What exactly is survival? And why do we feel the need to tell stories of our survival? Survival stories have been around since the beginning of man. They are a universal trait of any given culture and people. Whether the story is told orally or is written does not matter. Even though my high school students are still young, they have already survived something, whether it is a bad childhood, a bad breakup, or adolescence itself. They will be able to relate to and understand the idea of survival. They tell survival stories all the time without knowing it. We will look at survival stories of the Holocaust, both fictional and not.
Literature is different from other types of writing, because rather than simply conveying information, literature explores experience. The writer and the reader through the writing and reading of literature share both the good and the bad of life.

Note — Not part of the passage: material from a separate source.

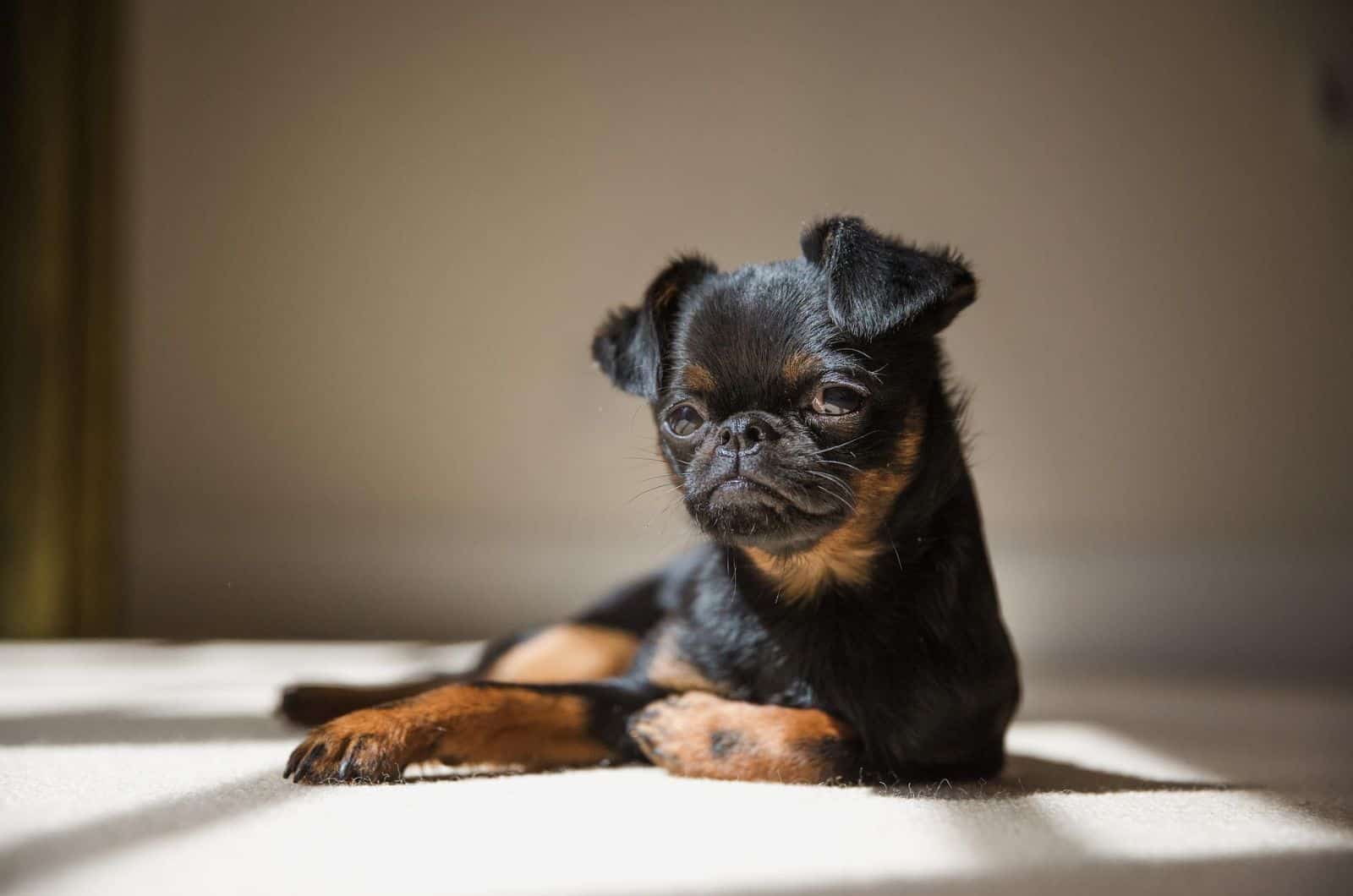 cute Brussels Griffon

A writer can share life through fiction or non-fiction. When we think of survival narratives and memoirs, we almost always think of a true, first-person account, yet some survival narratives and memoirs are fiction. Why would people use imaginative literature as a way to share their stories? What benefits are there to this type of writing, versus non-fiction? What psychological need does presenting the survival story as fiction fulfill for the author? Is the author being fair to the reader if he/she presents the fictional story as a memoir or as non-fiction? These are just some of the questions students will explore in this unit. We will read and analyze two narratives of survival, both works that challenge the divide between fiction and non-fiction.

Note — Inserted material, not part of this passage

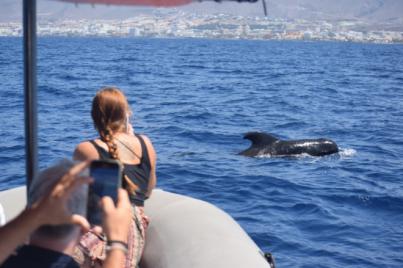 Investigadores de la ULL analizan el turismo generado en los avistamientos de cetáceos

Fragments: Memories of a Wartime Childhood,
by Binjamin Wilkomirski, is a memoir about his time in various concentration camps as a young boy. Wilkomirski claimed to be a Holocaust survivor writing his memoir, but a skeptical reader found out after doing research that Wilkomirski appears to have made up his story.
Maus I
and
Maus II,
by Art Spiegelman, tells the story of his father’s survival during the Holocaust and of his own survival as the son of a Holocaust survivor. This graphic novel, in comic book form, is unique in that Spiegelman draws people with different animal heads representing different ethnicities and races. Both texts are very accessible for students.